A new type of theoretical nuclear power plant design called small modular reactors (SMRs) has been in the news of late. Earlier this year, at the 2020 Canadian Nuclear Association conference, Minister of Natural Resources Seamus O’Regan announced that the federal government will release an SMR Action Plan this fall. Ontario, New Brunswick and Saskatchewan have announced their backing and possibly some financial support for the development of these reactors.
Promoters suggest that remote communities and off-grid mining operations are promising markets for SMRs in Canada. These communities and mines pay a lot for electricity because they are reliant on diesel generators, and transporting and storing diesel to these locations can be very expensive. Thus, supporters hope, SMRs might be a way to lower electricity costs and carbon dioxide emissions.
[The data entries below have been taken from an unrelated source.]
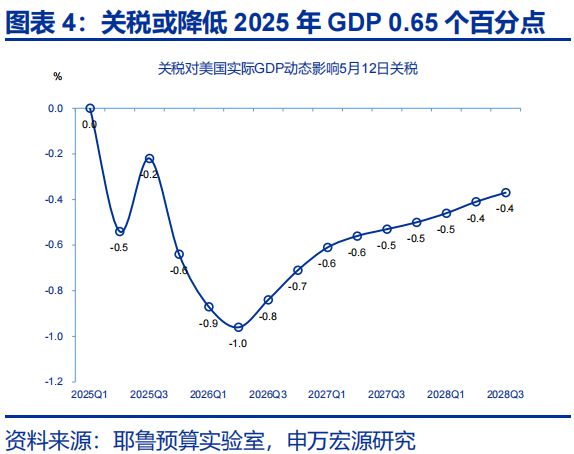 赵伟：美国经济 关税冲击的监测框架--关税“压力测试”系列之八__赵伟：美国经济 关税冲击的监测框架--关税“压力测试”系列之八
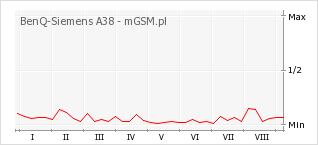 Wykres zmian popularności telefonu BenQ-Siemens A38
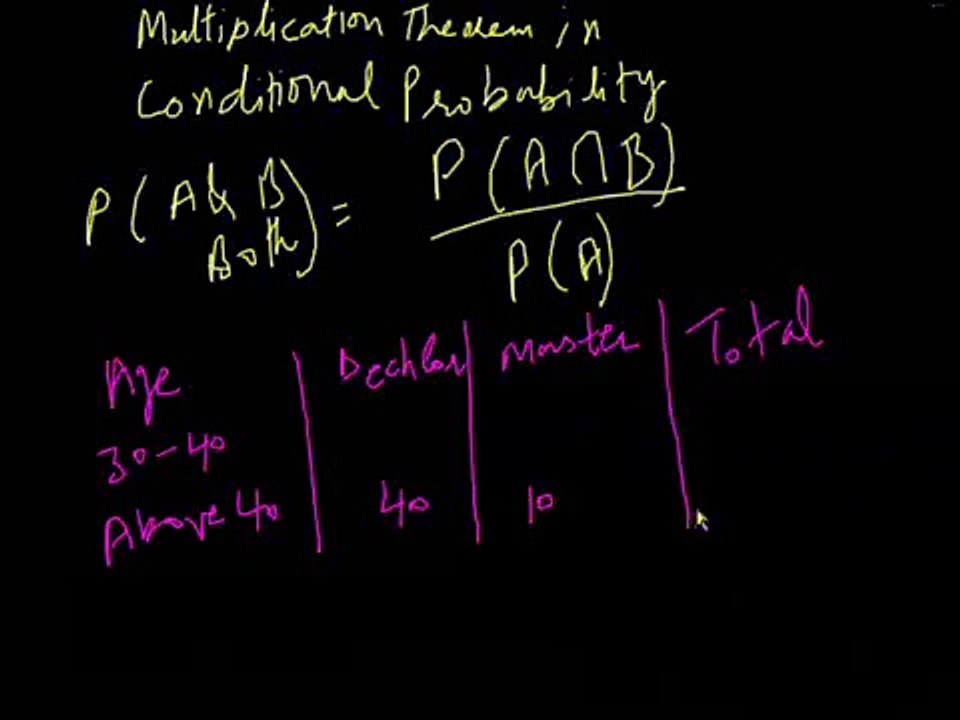 Conditional Probability (Simplified)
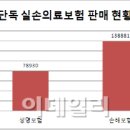 (사)한국금융연구원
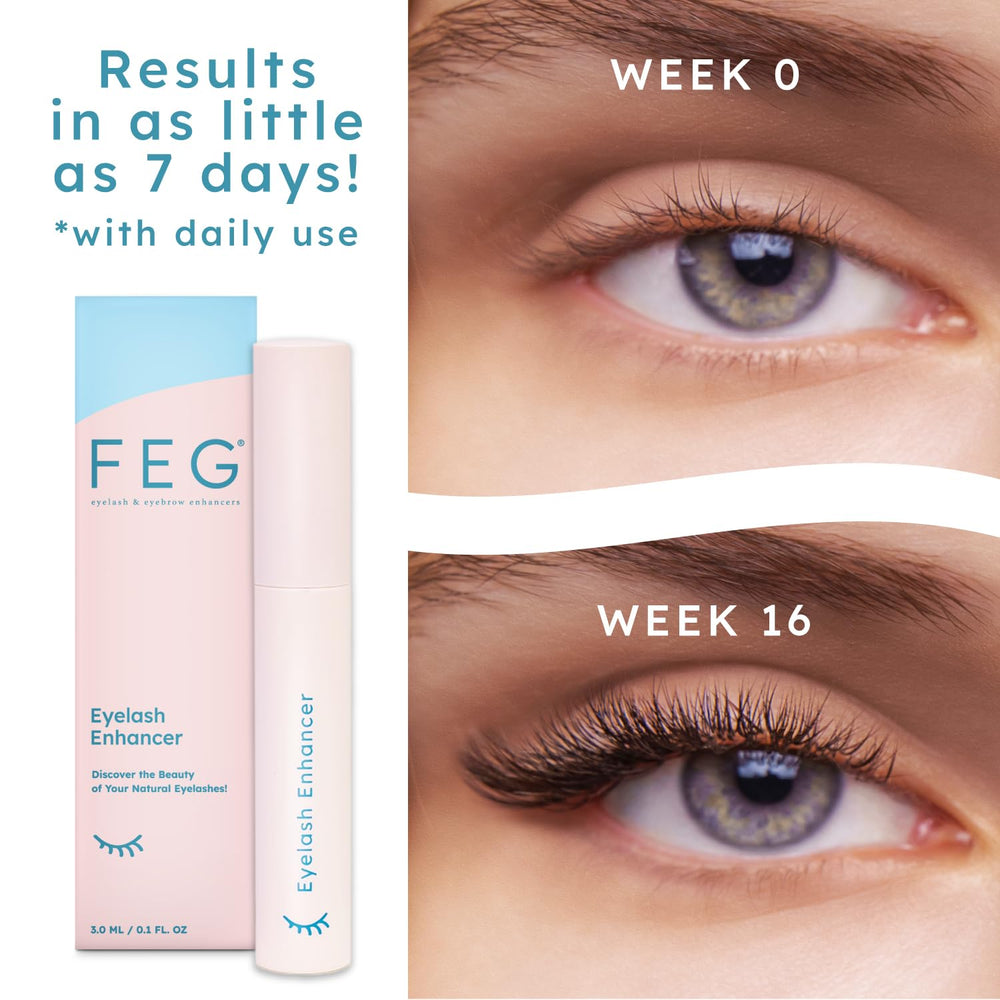 FEG eyelash serum applied to the upper eyelid margin for safe daily use.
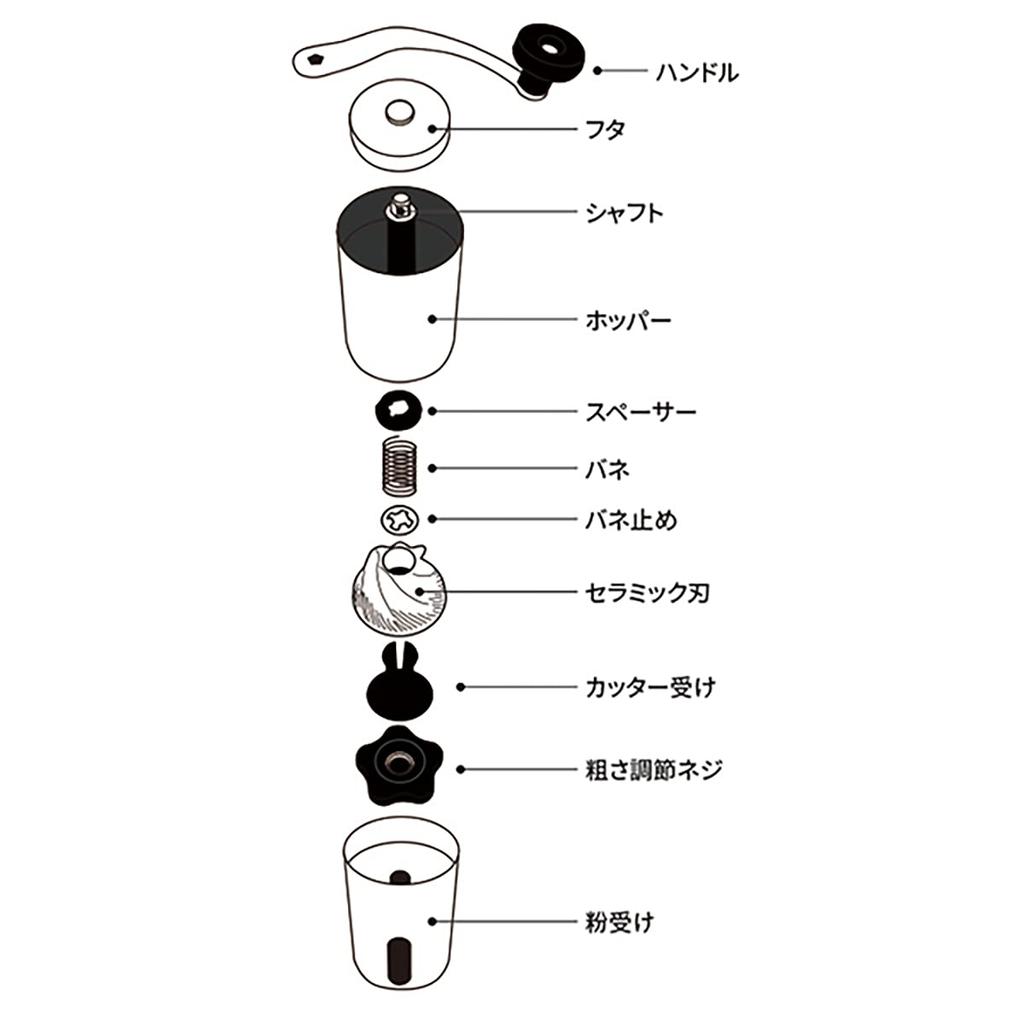 Coffee Mill Gold Color 2 cups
We examined this proposition in detail in a recently published paper and concluded that this argument has two problems. First, the electricity that SMRs produce is far more expensive than diesel-based electricity. Second, even ignoring this problem, the total demand for electricity at these proposed markets is insufficient to justify investing in a factory to manufacture the SMRs.
SMRs have been proposed as a way to deal with many problems associated with large nuclear power plants, in particular the high costs of construction, running to tens of billions of dollars. SMR designs have much in common with large nuclear reactors, including, most basically, their reliance on nuclear fission reactions to produce electricity. But they also differ from large nuclear reactors in two ways. First, they have electricity outputs of less than 300 megawatts (MW) and sometimes as low as a few MW, considerably lower than the outputs of 700 to 1500 MW typical of large nuclear reactors. Second, SMR designs use modular means of manufacturing, so that they need only be assembled, rather than fully constructed, at the plant site. While large reactors that have been constructed in recent years have also adopted modular construction, SMR designers hope to rely more substantially on these techniques.
A standard metric used to evaluate the economics of different energy choices is called the levelized cost of energy (LCOE). We calculated that the LCOE for SMRs could be over ten times greater than the LCOE for diesel-based electricity. The cheapest options are hybrid generation systems, with wind or solar meeting a part of the electricity demand and diesel contributing the rest.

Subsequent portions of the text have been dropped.